I think that’s the strangest thing about being out of school. Everything I study is chosen.
I’m not saying it was ever difficult to get me to read my assigned books in school, except Edith Hamilton’s ‘Mythology’ — that was my all time least favorite thing to read and poor Sandy Hall, my 9th grade English teacher and lifelong friend, still has to hear about it sometimes. Still, I may have been somewhat of a slacker student, but reading was the school assignment I was always guaranteed to do.
Brief moment in defense of slacker students who love to read — I’ve never once been asked to solve an algebra equation in adulthood, but I read every single day — for work and entertainment.
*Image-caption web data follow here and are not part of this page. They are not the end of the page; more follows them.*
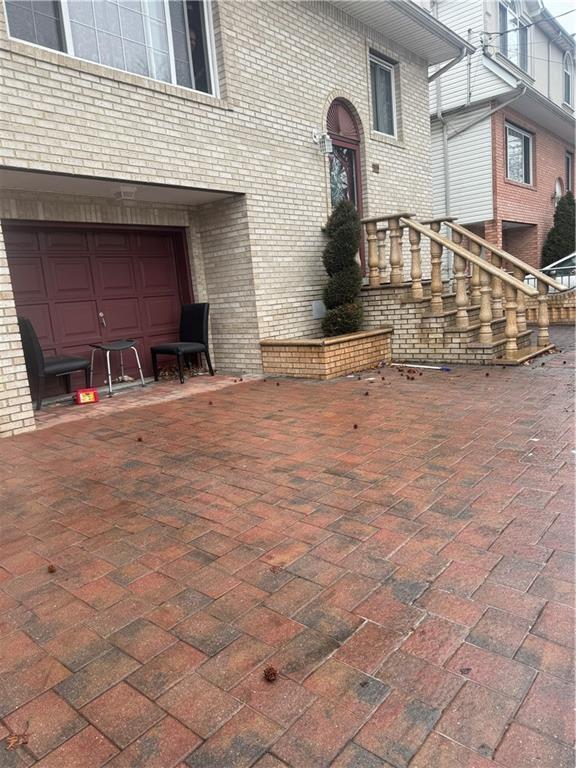 Building Photo - 359 Netherland Ave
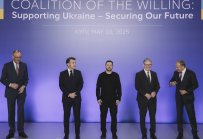 Европа е изправена пред най-трудния момент в опитите си да избегне разрив със САЩ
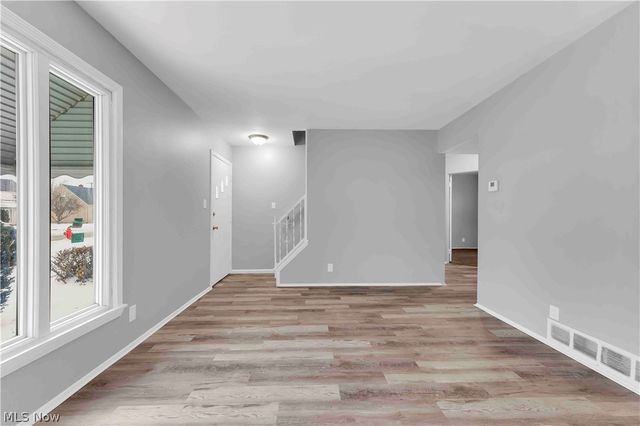26450 Drakefield Avenue, Euclid, OH 44132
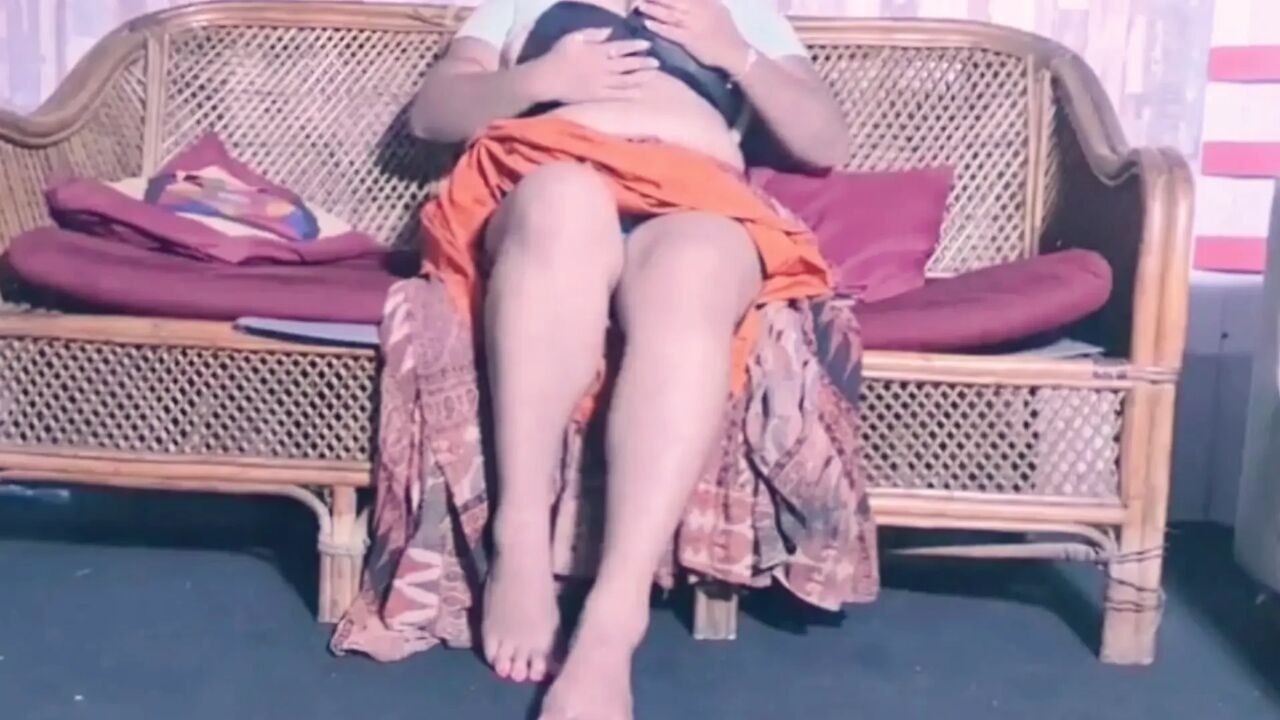 Ghar me dekha koi na hai to apni yoni me aungli dalne lagai
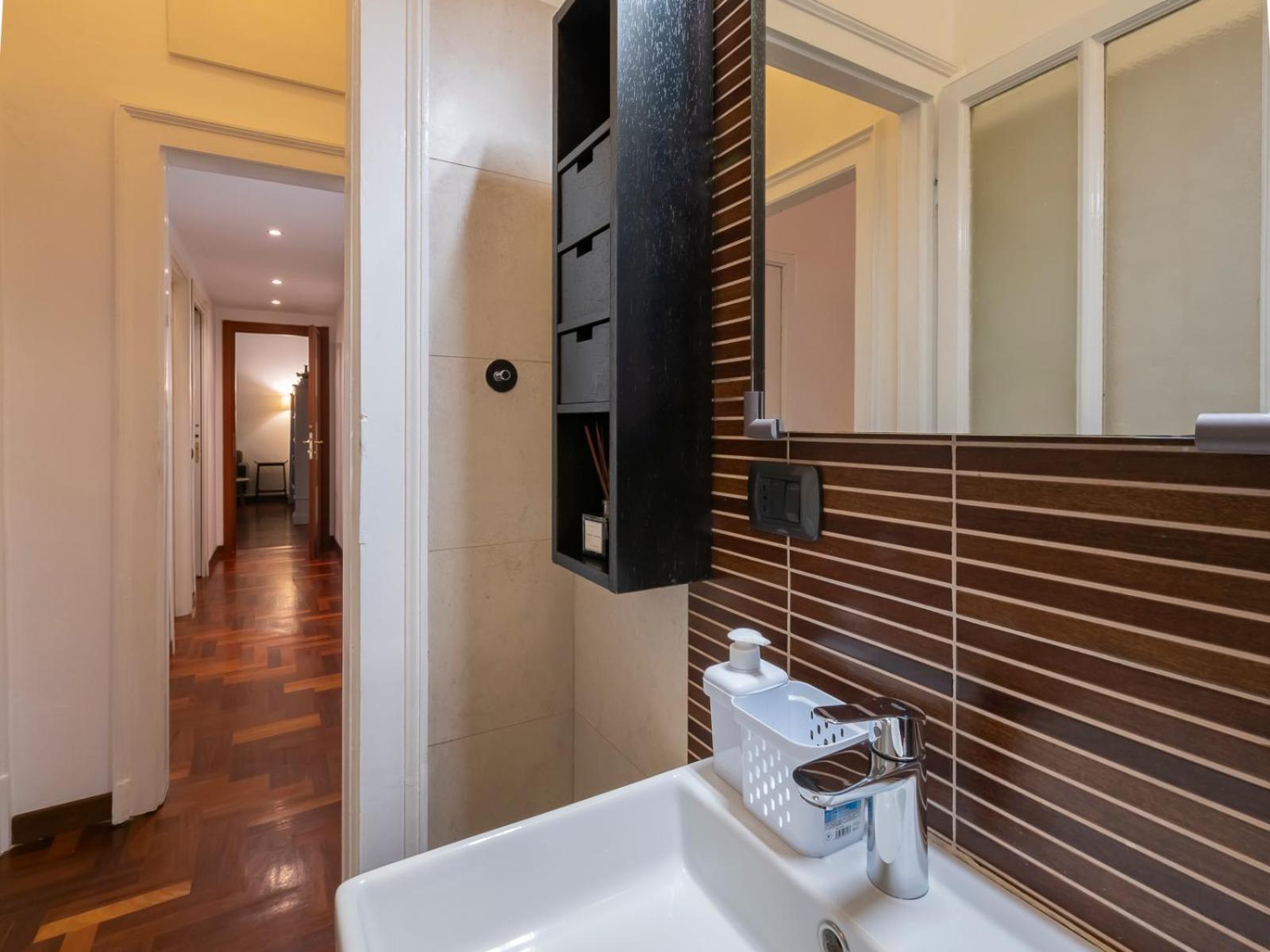 Xenia - Charming Three-room Lejlighed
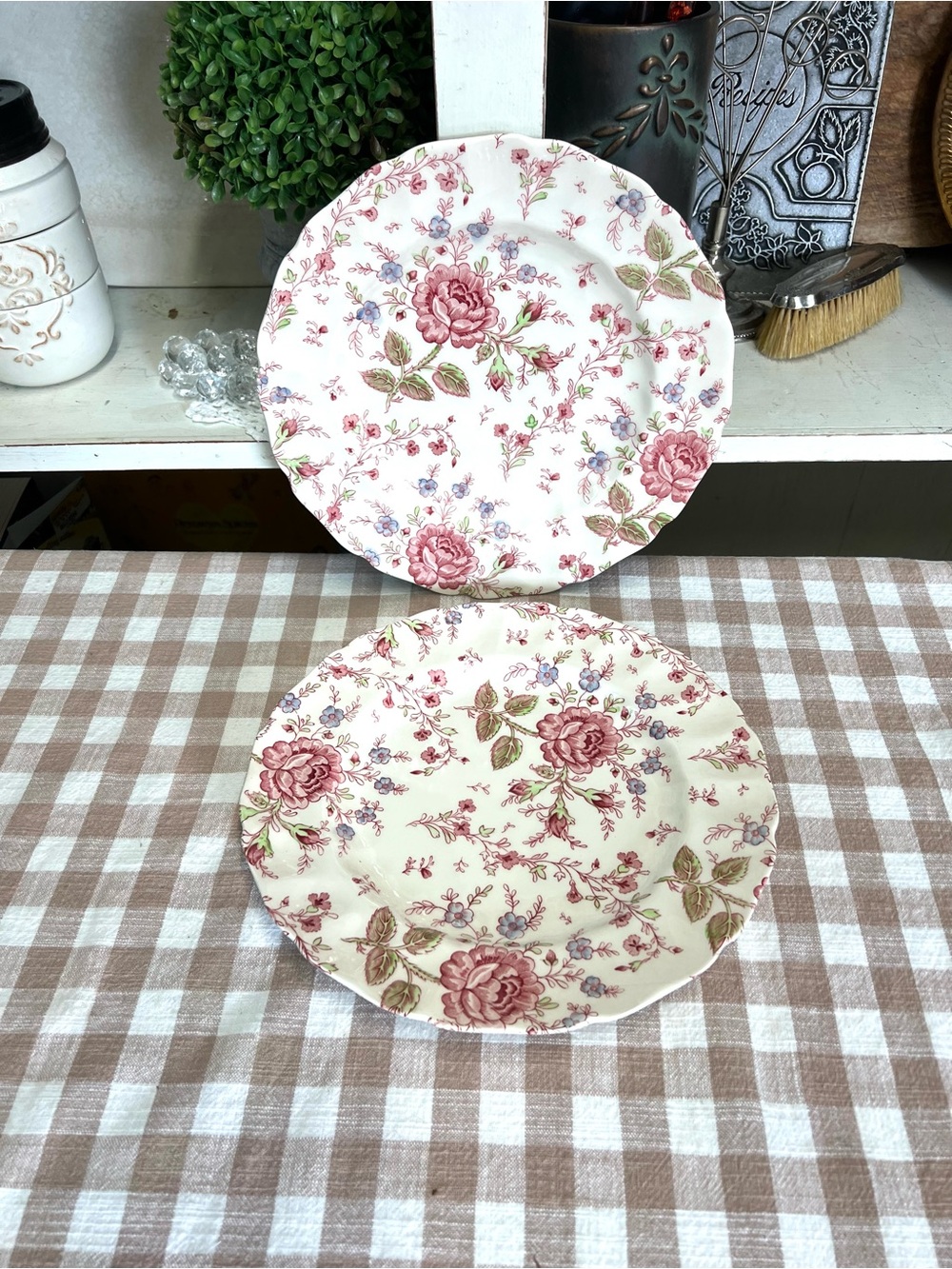 Vintage Johnson bros rose chintz plates 10” dinner replacement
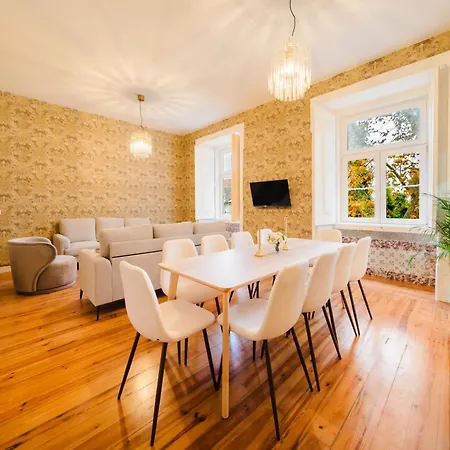 Stylish 5br Wac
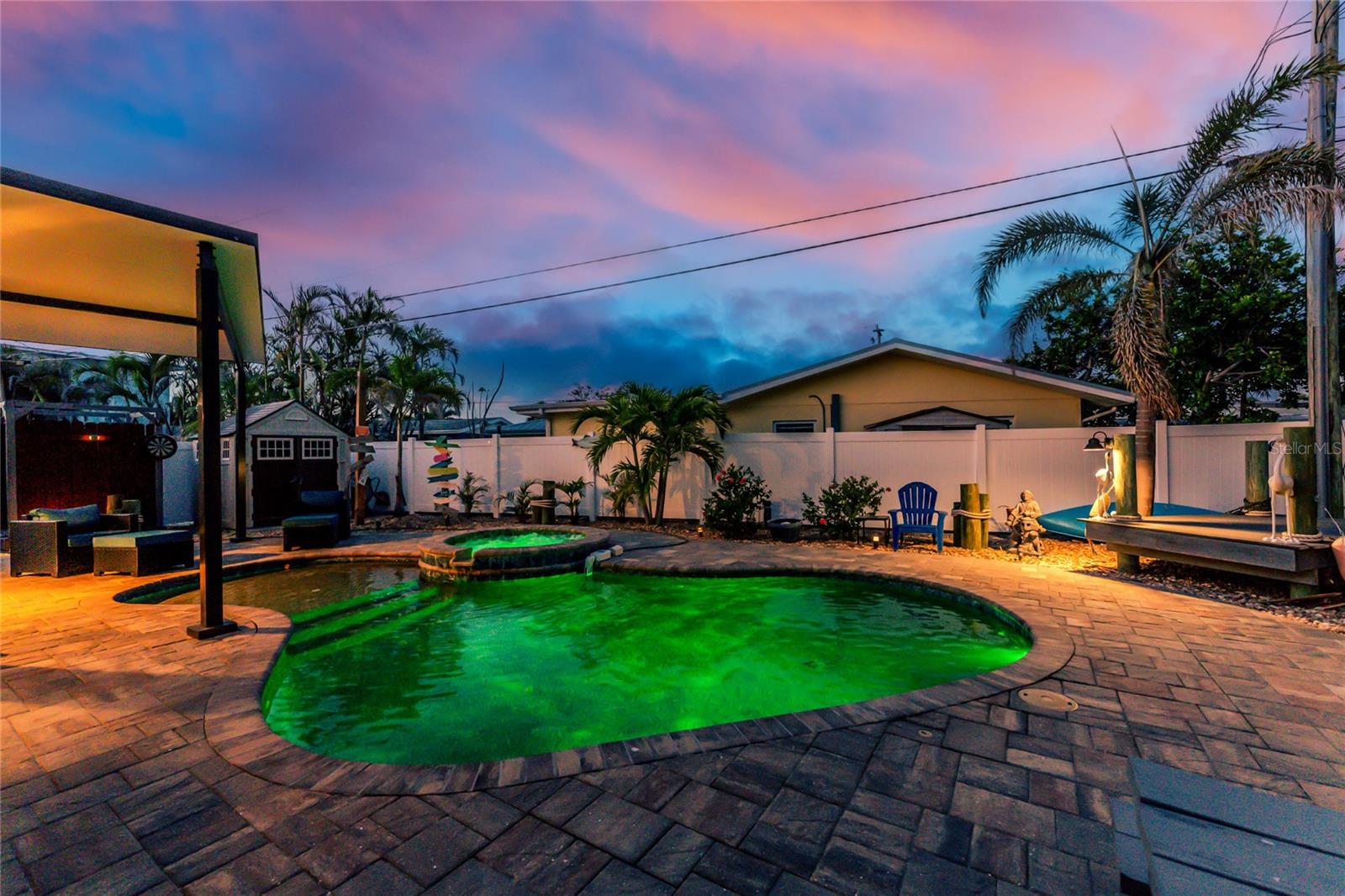 ENGLEWOOD SHORES - Residential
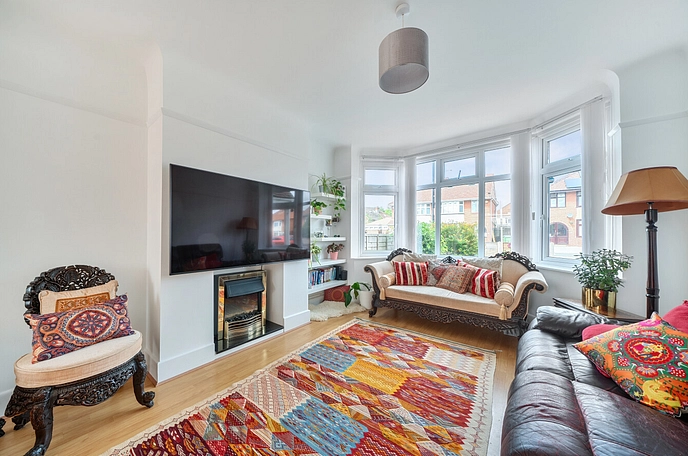 3 bedroom  semi-detached house for sale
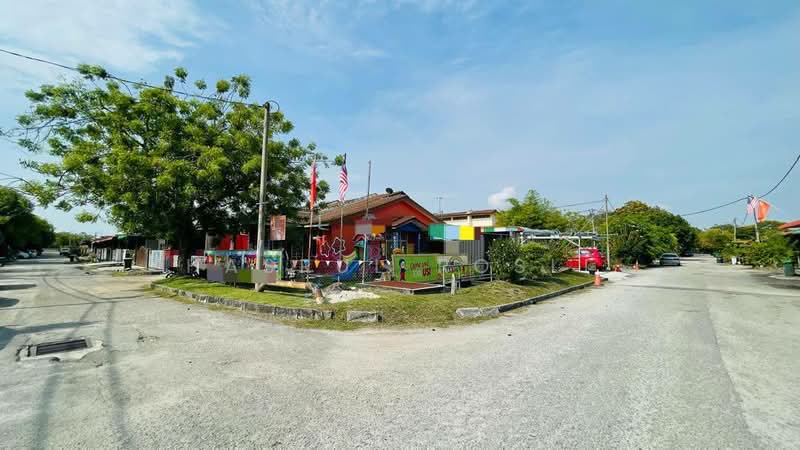 Rumah Teres 1 Tingkat untuk Dijual di Taman Serai Wangi (Padang Serai) - Hasrul Rosli - Exterior - PropertyGuru.com.my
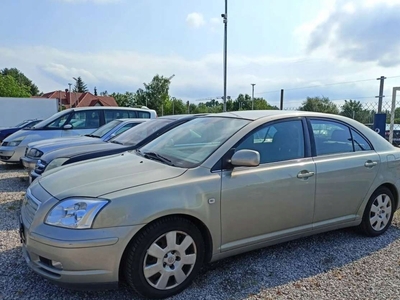 Toyota Avensis II Sedan 1.8 VVT-i 129KM 2004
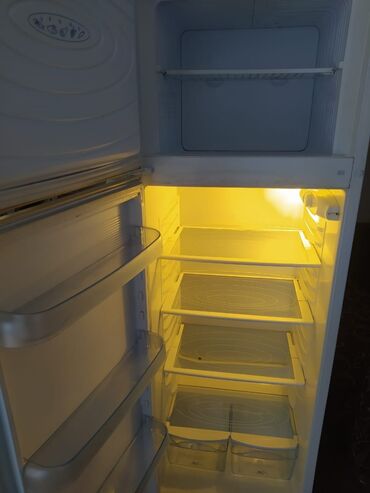 Техника для кухни: Холодильник Айсберг, Двухкамерный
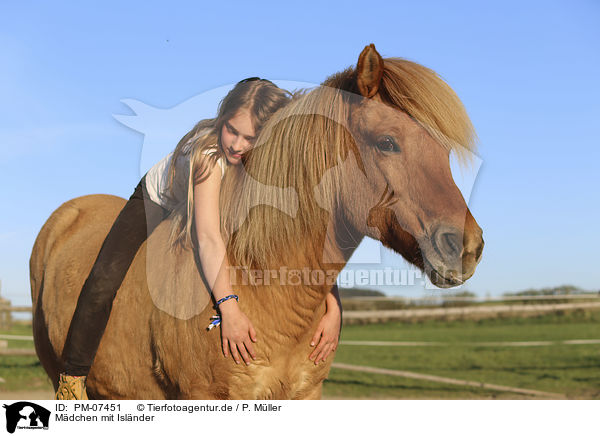 Mdchen mit Islnder / girl with Icelandic Horse / PM-07451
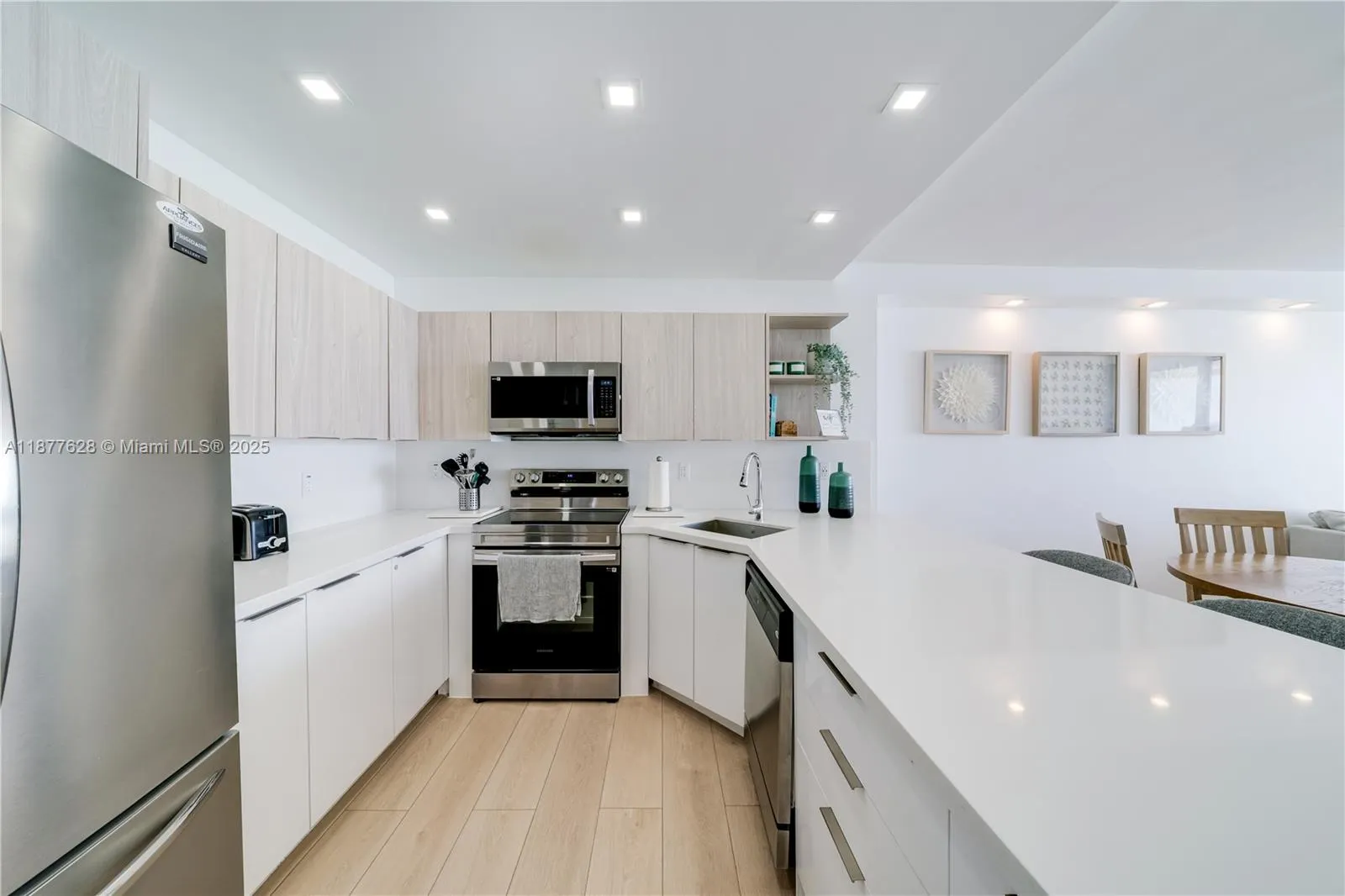 5601 Collins Ave, #1011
The thing about the real world is no one is assigning books. No one is going to tell me I have to read something because a grade depends on it. So I get to choose. The problem with being able to choose is that I want to read all of the books. I want to fill every shelf in my home. I want to always have fresh pages I haven’t seen.
I don’t want to stop until I’ve at least taken a shot at every book in every style.
In elementary school I had a teacher I drove crazy by reading several books at a time instead of just focusing on the one we were reading for class. Adulthood is like that.
This need to read every book is an impatient one. It manifests itself in stacks of hardcovers and paperbacks covering every open surface in my bedroom, and long lists of titles that need to be crossed off.
I’ve read some books I hated. Last year I tried my damndest to get through my first Stephen King book, but I just couldn’t stay interested. I’ve read books that disappointed me, endings that left me deflated, storylines that just didn’t make sense… but I’ve never regretted any moments spent in the pages.